(DATA Opens)
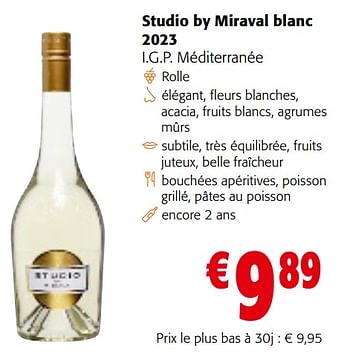 Promoties Studio by miraval blanc 2023 i.g.p. méditerranée - Witte wijnen - Geldig van 08/05/2024 tot 21/05/2024 bij Colruyt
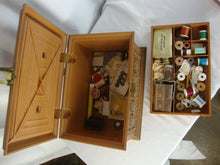 Load image into Gallery viewer, Vintage Faux Wood Max Klein Sewing Box With Contents As Shown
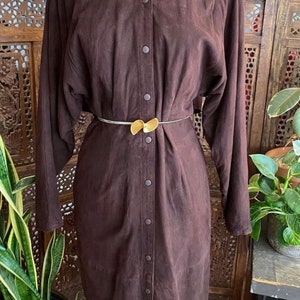 Vintage 80s Suede Leather Dress Duster by Vakko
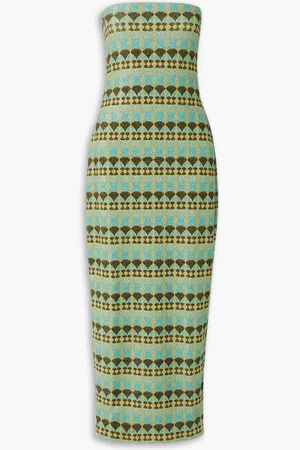 ‎Dima Ayad‎ Strapless metallic jacquard-knit maxi dress - Blue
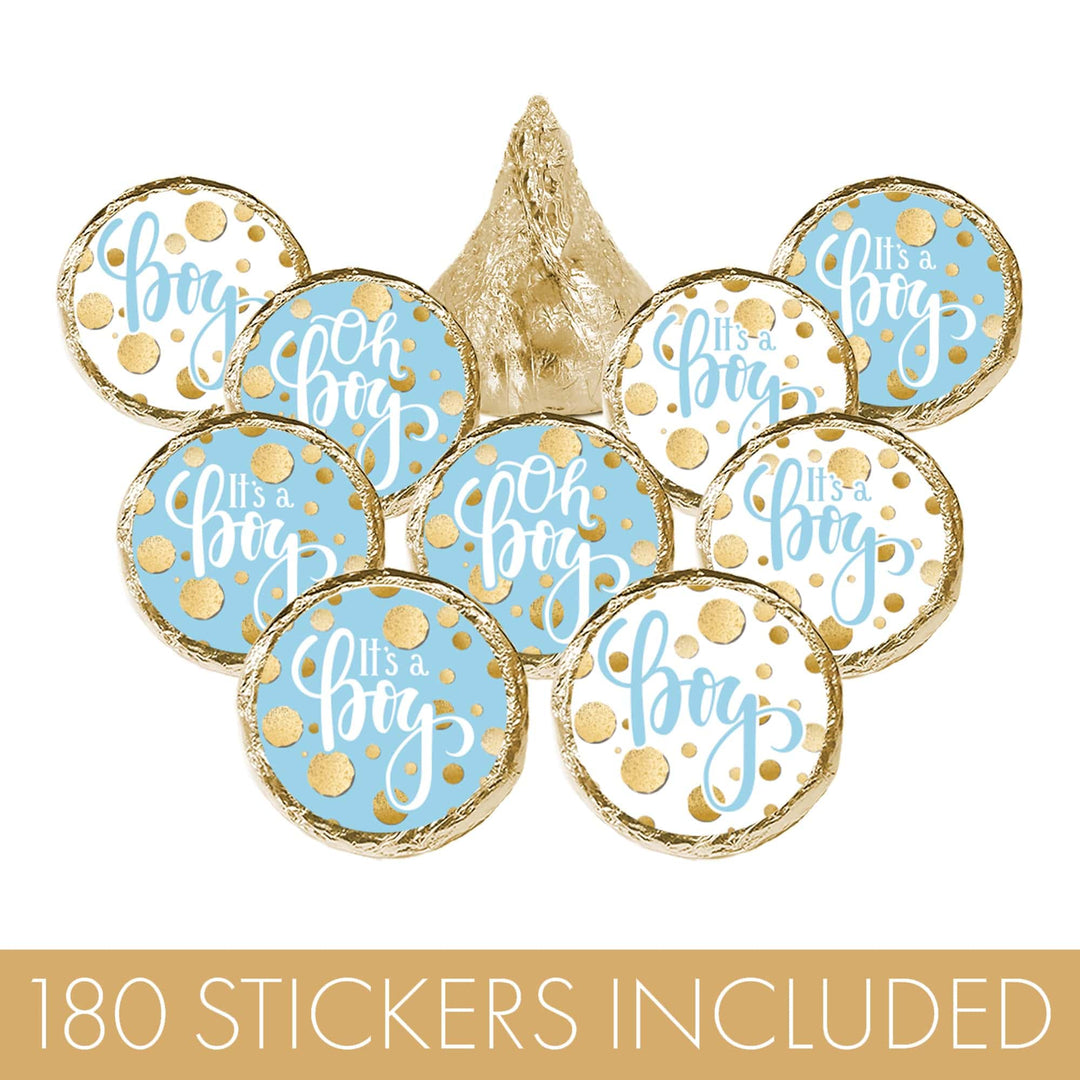 Gold Confetti: Blue - It's a Boy Baby Shower - Favor Stickers - Fits on Hershey's Kisses - 180 Stickers - Distinctivs Party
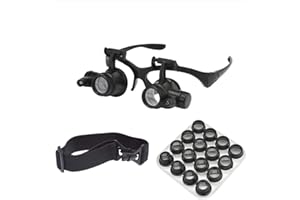 Beileshi Watch Repair Magnifier Loupe Jeweler Magnifying Glasses Tool Set with LED Light with 8 Interchangeable Lens-2.5X 4X 6X 8X 10x 15x 20x 25x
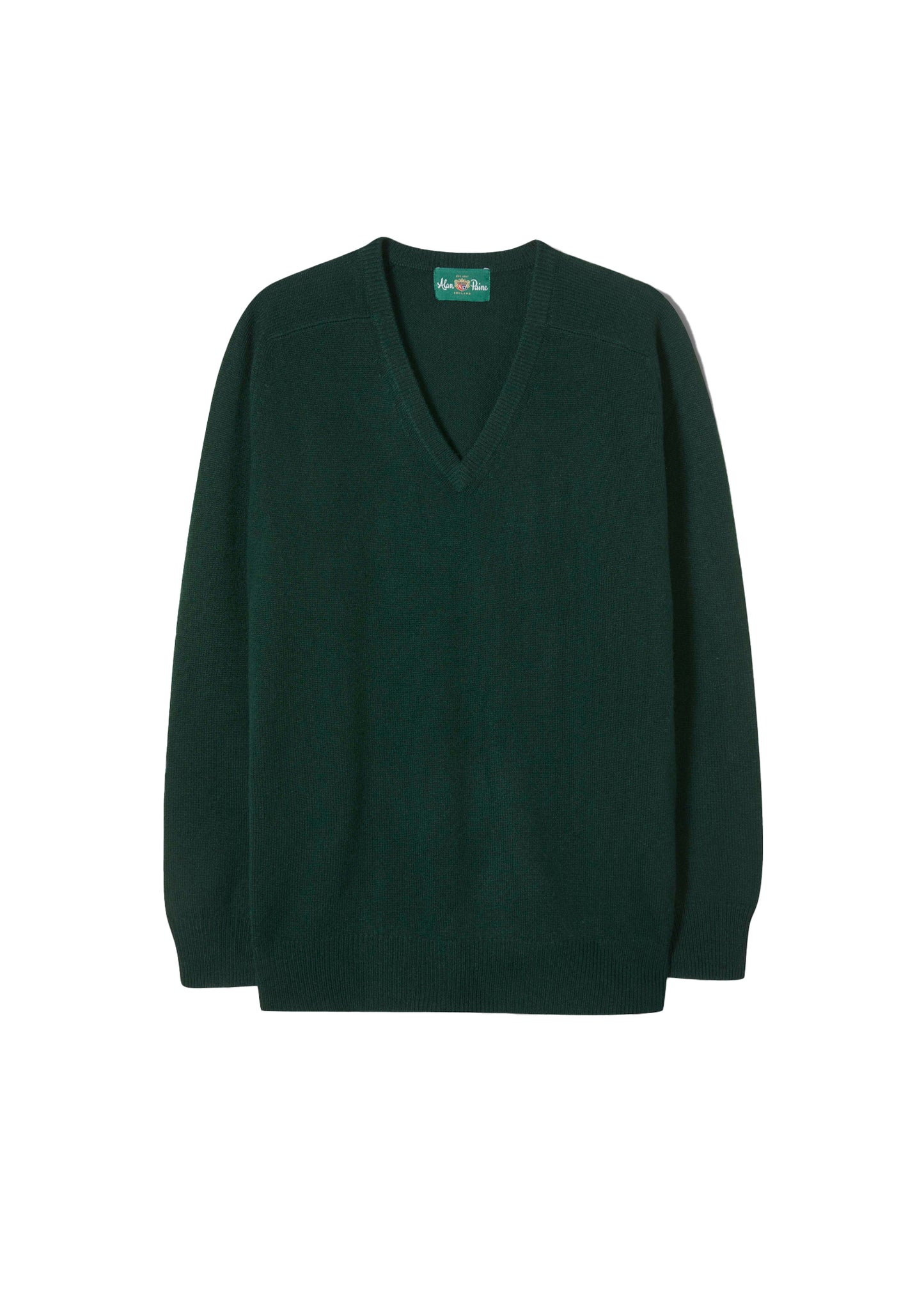 Hampshire Lambswool Jumper in Tartan Green - Classic Fit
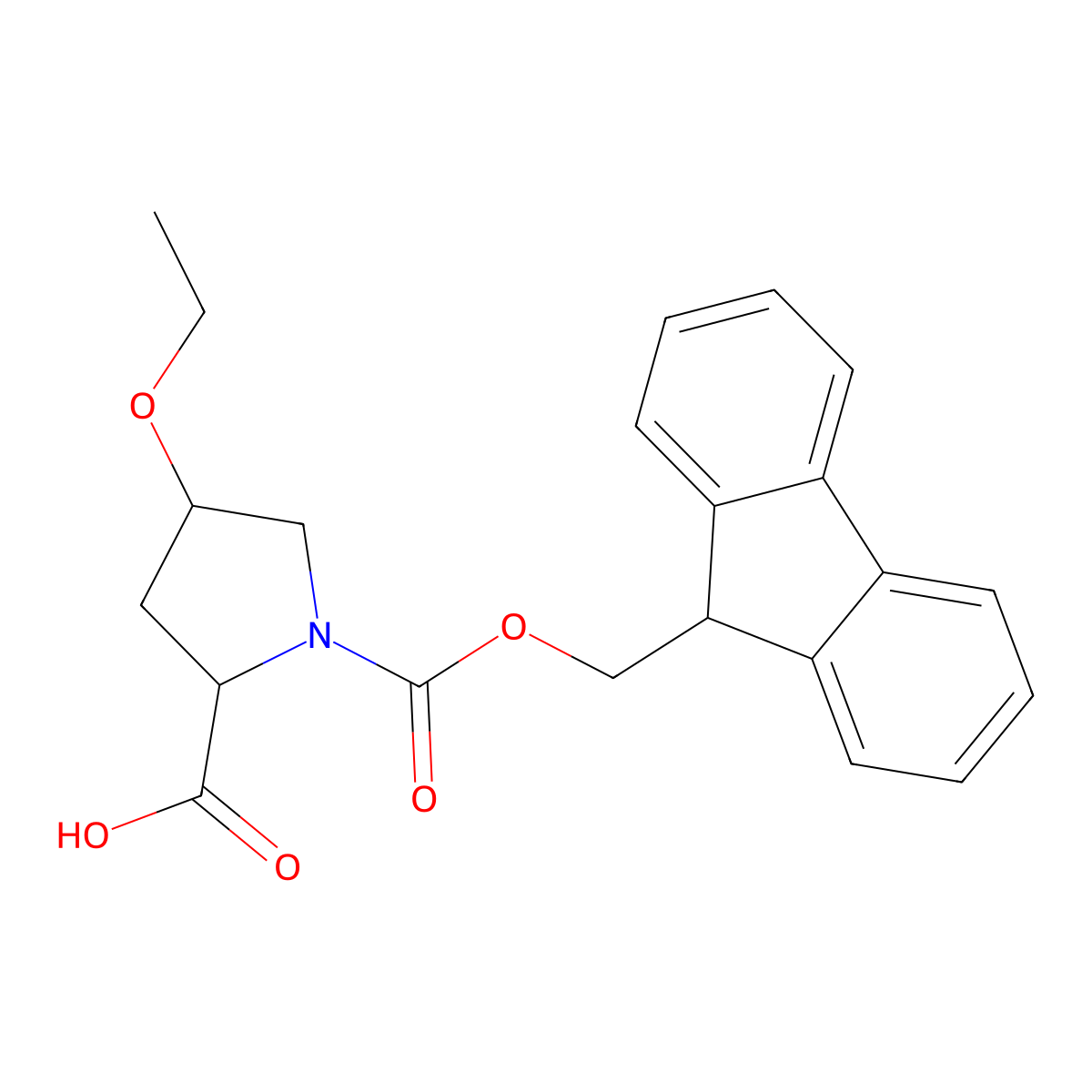 (2S,4R)-4-ethoxy-1-{[(9H-fluoren-9-yl)methoxy]carbonyl}pyrrolidine-2-carboxylic acid molecular structure, CAS 1446478-31-4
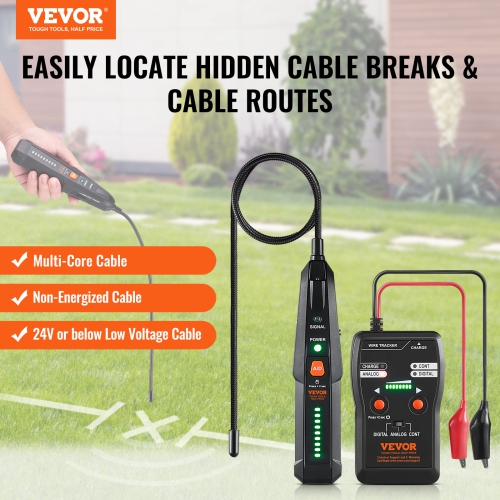 VEVOR Subterranean Wire Locator, Up to 6.5 FT Detection Depth, Earphone-Included Cable Tracer and Break Detector, 3280 FT Detection Range, Ideal for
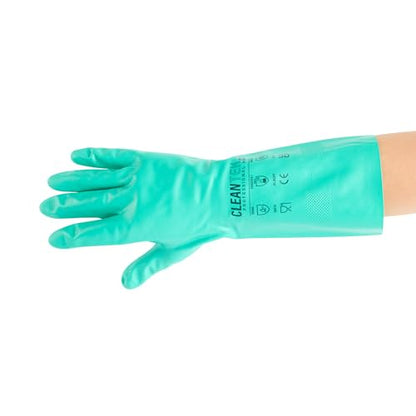 Restaurantware-Clean Tek Professional 15 Mil Small Cleaning Gloves, 1 Pair Of Long Cuff Gloves - Flock Lining, No-Powder, Green Nitrile Chemical Tolerant Gloves, No-Latex, Heavy-Duty Tasks - color: Green, size: Small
(DATA Closes)
__WHAT IS EXPECTED__:
Line for line, output the entries above from the line with "structure, CAS 1446478-31-4" to the line with "VEVOR Subterranean Wire", both included, and nothing more. Skip pictures.

__ANSWER AREA__:
 (2S,4R)-4-ethoxy-1-{[(9H-fluoren-9-yl)methoxy]carbonyl}pyrrolidine-2-carboxylic acid molecular structure, CAS 1446478-31-4
 VEVOR Subterranean Wire Locator, Up to 6.5 FT Detection Depth, Earphone-Included Cable Tracer and Break Detector, 3280 FT Detection Range, Ideal for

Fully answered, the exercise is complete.